Les revendications de mai 1968 sont multiples : il s’agit non seulement de remettre en question la présidence de De Gaulle, d’exiger davantage de droits sociaux, mais aussi de critiquer profondément un modèle politique et culturel en général.

L’explosion sociale de mai 1968

L’explosion de mai 1968 est d’une ampleur incomparable. Les piquets de grèves et les occupations d’usines ne se sont pas faits dans la même sérénité que les mouvements de 1936. Les relations entre le monde ouvrier et le monde étudiant ne furent pas sereines non plus.

Le gouvernement tente de négocier avec les syndicats : les accords de Grenelle signés fin mai 1968 accordent une majoration de 35 % au SMIG (salaire minimum) et tous les autres salaires sont augmentés de 10 %. Une quatrième semaine de congés payés est accordée en 1968 (en dehors de ces accords).

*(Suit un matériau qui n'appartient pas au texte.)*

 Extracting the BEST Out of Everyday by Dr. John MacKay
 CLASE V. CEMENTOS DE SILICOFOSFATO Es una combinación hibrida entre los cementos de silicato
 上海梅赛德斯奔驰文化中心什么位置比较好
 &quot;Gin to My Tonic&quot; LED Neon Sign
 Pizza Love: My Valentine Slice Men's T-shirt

  • La victoire est importante pour le mouvement ouvrier mais pas intégrale : de nombreuses grèves continueront après mai 1968.

L’après mai 1968

À partir de la crise économique des années 1970, le chômage s’installe durablement en France. La succession des partis politiques de gauche et de droite à la présidence (que l’on nomme l’alternance) ne parvient pas à résoudre ce problème. En fait il semble nécessaire de changer de perspectives : la République française ne peut à elle seule résoudre ses problèmes économiques puisqu’elle fait partie de l’Union européenne et doit alors s’aligner sur les politiques de ses partenaires.

Conclusion :

La République française, au XXe siècle, a été traversée par une fracture entre les classes dirigeantes et les travailleurs. C’est au terme de plusieurs étapes importantes que les travailleurs obtiennent des avancées sociales significatives. Cela dit, le chômage est à un taux élevé en France, tandis que les inégalités sociales augmentent : le modèle républicain apparaît alors en crise. La question est de savoir comment refonder la République, afin d’y intégrer tous ces acteurs.